AIM OF THE TASK —
Can you transcribe every entry word for word, skipping the images?

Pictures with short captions

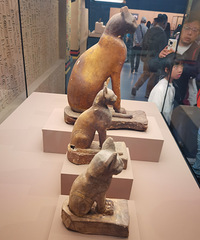 �Ϻ��в���ݰ�������ż�չ��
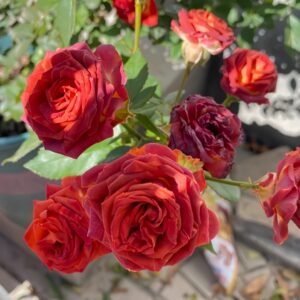 Chocolate Bubbles Rose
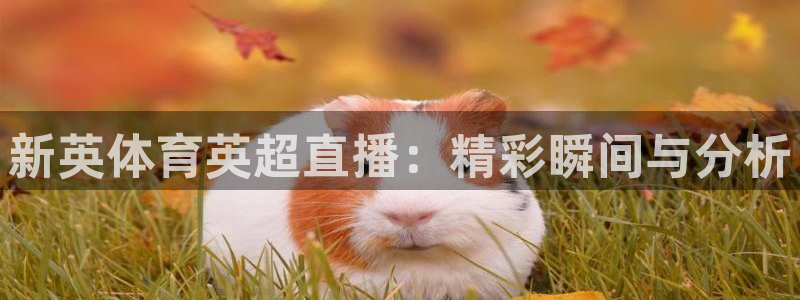 鲸鱼体育足球直播：新英体育英超直播：精彩瞬间与分析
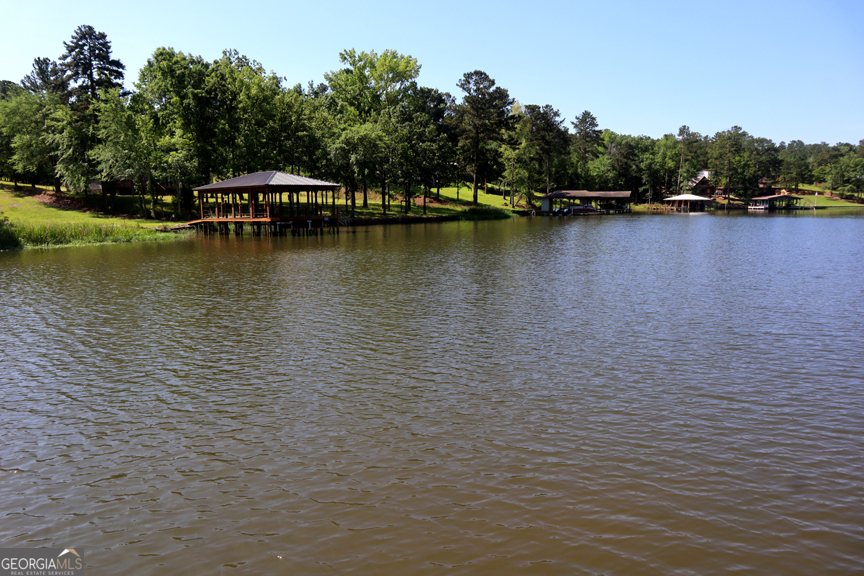 671 Pine Lake Sparta, GA 31087 - Photo 29 of 31 a view of a lake with houses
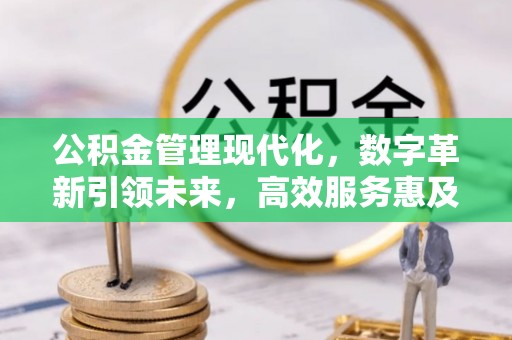 达仁公积金管理现代化，数字革新引领未来，高效服务惠及民生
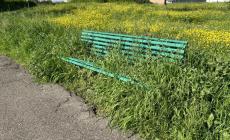 Erba alta in città, continuano a «piovere»  le segnalazioni 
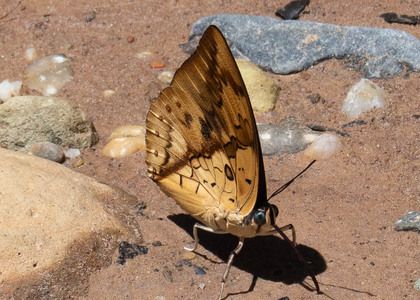 The butterfly Archaeoprepona licomedes photographed in Comunidad Apuya,Ecuador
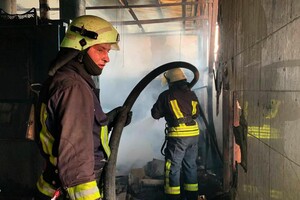 Горіли гриби: рятувальники ліквідували масштабну пожежу на Київщині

ANSWER TO THE PROBLEM —
 �Ϻ��в���ݰ�������ż�չ��
 Chocolate Bubbles Rose
 鲸鱼体育足球直播：新英体育英超直播：精彩瞬间与分析
 671 Pine Lake Sparta, GA 31087 - Photo 29 of 31 a view of a lake with houses
 达仁公积金管理现代化，数字革新引领未来，高效服务惠及民生
 Erba alta in città, continuano a «piovere»  le segnalazioni 
 The butterfly Archaeoprepona licomedes photographed in Comunidad Apuya,Ecuador
 Горіли гриби: рятувальники ліквідували масштабну пожежу на Київщині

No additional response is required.